Nel farle i sinceri complimenti per il libro le chiedo cosa l’ha spinta a trasmettere tutte le emozioni e le esperienze che la sua professione le ha regalato?
La passione. Passione per il calcio, per lo sport, per la radio. Fin da ragazzino la radio è stata la “scatola dei sogni”. Si apriva quando l’accendevo e le voci mi portavano in giro sui campi di calcio. Ho sognato di fare questo mestiere.
Con TV e social imperanti e con le immagini a facile fruizione qual’é oggi il ruolo della radio?
Lo stesso di sempre: aiutarci a creare immagini con la nostra fantasia. Finché avremo voglia di immaginare, la radio sarà fort
Quanto manca ai nostri giorni la professionalità, l’educazione è la cultura di personaggi quali Ciotti e Ameri?
Molto. Educazione e cultura sono due parole chiave.
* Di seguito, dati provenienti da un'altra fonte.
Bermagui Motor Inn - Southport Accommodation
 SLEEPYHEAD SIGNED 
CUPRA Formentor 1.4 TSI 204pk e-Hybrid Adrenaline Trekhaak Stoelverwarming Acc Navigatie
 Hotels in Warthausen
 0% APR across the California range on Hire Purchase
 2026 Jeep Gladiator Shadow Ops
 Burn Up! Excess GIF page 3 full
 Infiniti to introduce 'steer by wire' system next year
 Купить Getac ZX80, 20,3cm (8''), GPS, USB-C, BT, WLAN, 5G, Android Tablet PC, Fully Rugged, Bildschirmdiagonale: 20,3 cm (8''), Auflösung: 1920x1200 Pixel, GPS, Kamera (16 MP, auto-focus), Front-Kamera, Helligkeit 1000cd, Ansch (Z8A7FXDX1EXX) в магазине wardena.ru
Nel lavoro, nella vita di ciascuno di noi, nella società. Sono stati grandi maestri per me. Con l’esempio prima di tutto. Ho cercato di ” rubare ” da loro. Sono stato fortunato ad averli avuti come maestri.
Io faccio parte della generazione che con la radiolina all’orecchia “vedeva il calcio” alla radio: quelle di oggi si stanno perdendo qualcosa di unico?
Sono molti i giovani che ascoltano la radio. Ma i tempi sono cambiati. Ed è giusto così. L’immagine vince. Mi domando se vinca anche la sostanza.
C’è un evento che avrebbe voluto raccontare o al quale avrebbe voluto assistere?
Lo sbarco sulla luna, alla radio. Fu Ameri a raccontarlo in una straordinaria radiocronaca che merita di essere riascoltata.
Lei ha sempre trasmesso grandi emozioni pur mantenendo i toni bassi e senza sparate roboanti: viste le esagerazioni di oggi come ci è riuscito? 
E una questione di attitudine. Ma anche di scuola. La Rai ci formava all’imparzialità, alla terzietà. Rispettare il microfono è rispettare gli ascoltatori. E le loro passioni. Tutte.
In merito ai tanti scandali che ciclicamente hanno interessato il calcio c’è mai stata una volta nel quale avrebbe voluto mollare la sua professione?
Mai. Ho amato troppo il mio mestiere. Bisogna esserci. E raccontare. Essere testimoni attendibili.
Lei usa i social: cosa ne pensa del degrado culturale morale che da essi tante volte traspare?
Il social è una grande piazza virtuale. E come nelle piazze reali c’è di tutto. Mi concentro sul “buono”‘ . Ce n’è tanto. È bello incontrare persone che senza il social non avresti mai incontrato.